Work commences with plant clearance, most of these were moved to a vacant area of flowerbed hastily created away from the trains. and as always the biggest challenge is bot creating a track plan that allows for realistic operations and then actually making it fit in the space, particularly where there are points which always seem to me to be very inflexible just when you want to fudge things a bit.

sorting put the access from the main line and into the sidings on the left which were going to be extended.

the track roughed out. I was using some old R2 curves to set a minimum radius, though the final track would be flexi. with a drop of 50 cm I was going to need to travel about 13m to maintain the 1:25 gradient by the time I got to the bottom of the slope, where I was originally planning to simply join a double circuit round the tree stump area on the level...…..but it did not quite workout like that.

Once again out comes the laser, and in go the grading stakes

and then lots of digging. You can see the pile of spoil on the right of the picture.
I then realised that I had to get the top sidings and main line sorted to ensure that I started the down slope at the right point. It would also provide some stone from a dismantled rockery (not illustrated). so all the paving slabs had to be lifted, nd replaced slightly moved and 3cm higher. They are 2x2ft and very heavy. backache time

Slabs are just laid on impacted soil. It makes later lifting and movement much easier
Fortunately I had a few spare as I was extending the paved are a bit.

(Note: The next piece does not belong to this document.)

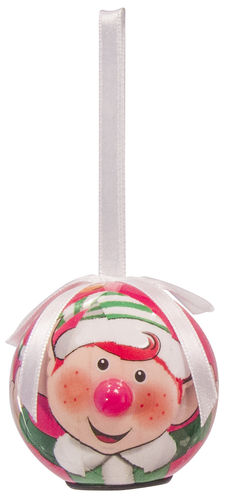 D&D Mini Elf Nose Blinking Ornament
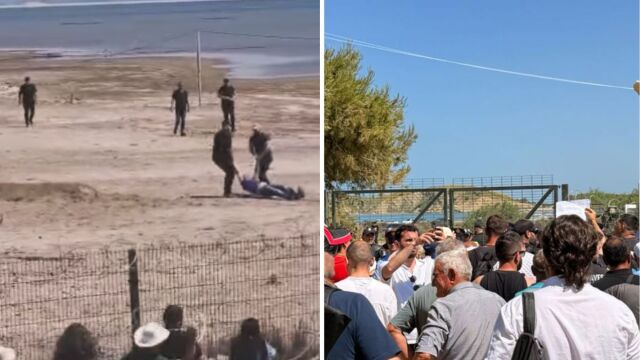 Αλβανία: Ένας Έλληνας ανάμεσα στους τραυματίες από τα βίαια επεισόδια - Διαμαρτύρονταν για τη δημιουργία τουριστικού θερέτρου σε οικολογικά ευαίσθητη περιοχή (Βίντεο)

old ballast had to be moved and the area of half slabs made longer to accommodate the new extended sidings
The paving has been laid deeper beyond this into the area where the rockery (removed) used to be. This will accommodate a bigger town scape and possibly a fun fair


most of the slabs now laid, it was possible to sort out the level of the sidings and thus the gradients.
Removal of the rockey also provided the "mountain" round which the first descending curve would run.
Having carefully dug away all the soil to create the curve in the foreground I began, much too late to think about how this line would join the envisaged double circuit at the bottom of the slope and how this might work operationally.
If it joined the outer circuit it would have to move to the inner one to reach any sidings, and if there was a simple crossover then it would be impossible to have a train running round the outer circuit all the time without there being inevitable crashes.
No the line down the hill needed to join the inner circuit and run into the sidings while a train could be set running round the outer one without needing to be under direct control all the time. This meant that the descending line would have to cross over the top of the circuits at the bottom before joining them, and that meant a bridge. I was also beginning to think about access. All track and beds makes this difficult. Back to the drawing board.
You know it is sometimes best to have thought all this through before you start. I had only been working on this idea for about 4 years.